Task requirements —
Find the line with "Hexagon Cut September" in the records below. Output exactly from there until after the line with "Lot 50 - Victoria, 14", without pictures.

Data —
•••

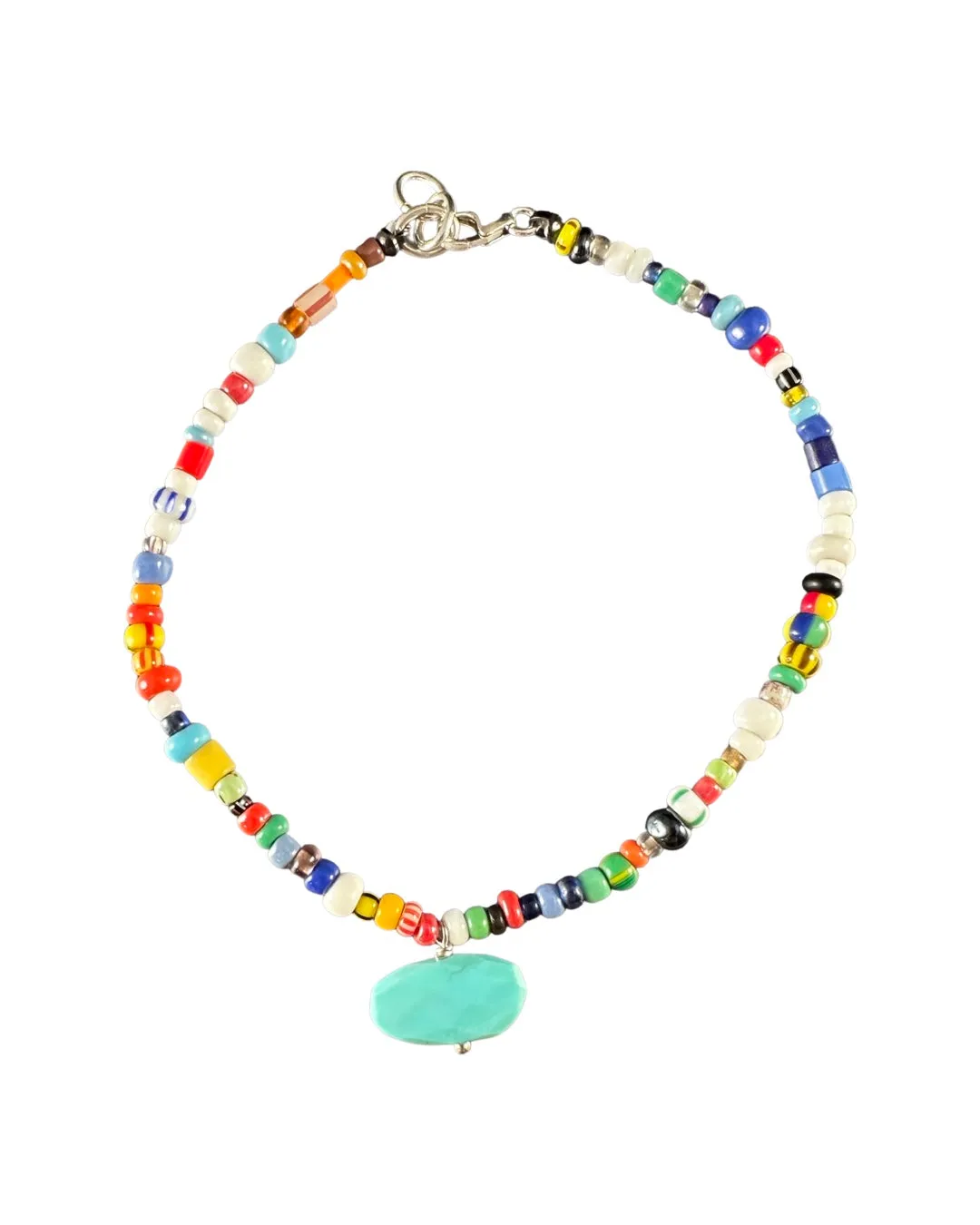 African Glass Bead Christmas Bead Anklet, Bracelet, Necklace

•••

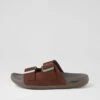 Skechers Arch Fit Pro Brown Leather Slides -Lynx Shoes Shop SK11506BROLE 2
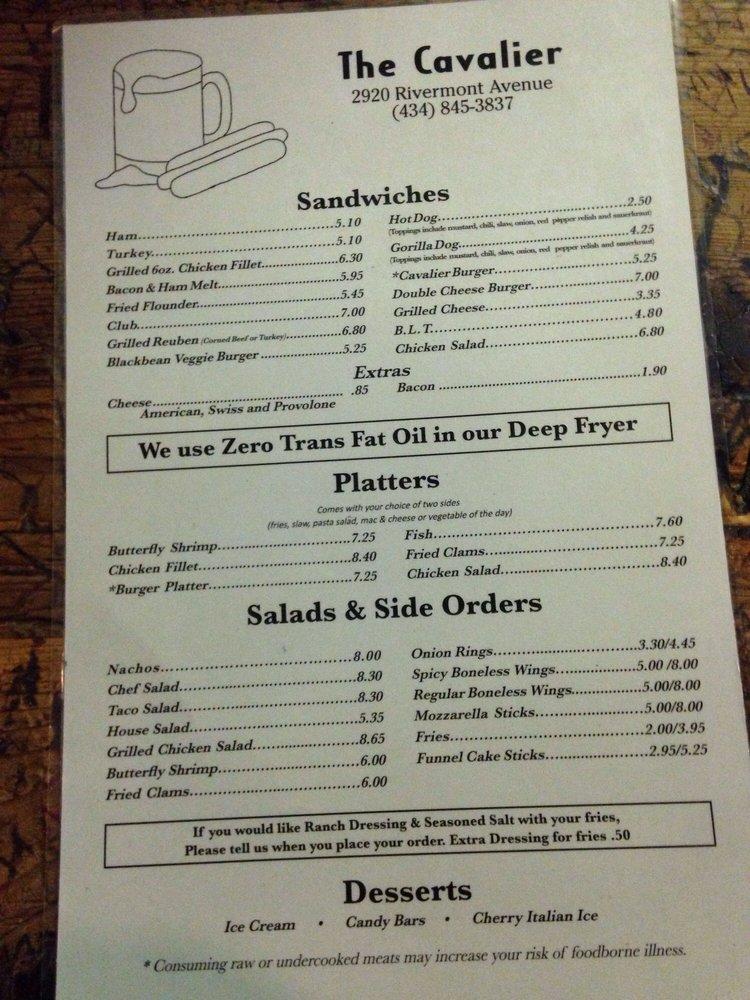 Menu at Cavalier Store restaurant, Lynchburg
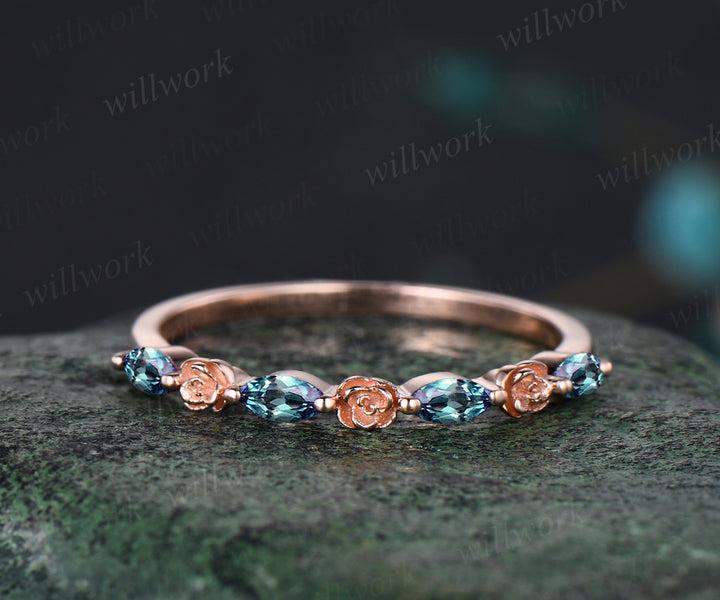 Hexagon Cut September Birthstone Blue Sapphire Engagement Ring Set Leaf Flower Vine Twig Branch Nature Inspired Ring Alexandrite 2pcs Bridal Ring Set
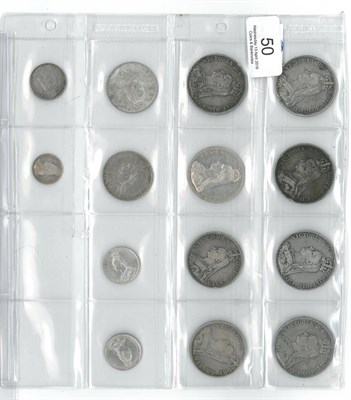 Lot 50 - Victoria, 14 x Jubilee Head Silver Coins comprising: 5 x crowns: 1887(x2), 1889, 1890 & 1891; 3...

•••

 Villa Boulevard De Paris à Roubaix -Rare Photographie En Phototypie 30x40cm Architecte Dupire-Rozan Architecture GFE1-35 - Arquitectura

•••

Exercise response —
 Hexagon Cut September Birthstone Blue Sapphire Engagement Ring Set Leaf Flower Vine Twig Branch Nature Inspired Ring Alexandrite 2pcs Bridal Ring Set
 Lot 50 - Victoria, 14 x Jubilee Head Silver Coins comprising: 5 x crowns: 1887(x2), 1889, 1890 & 1891; 3...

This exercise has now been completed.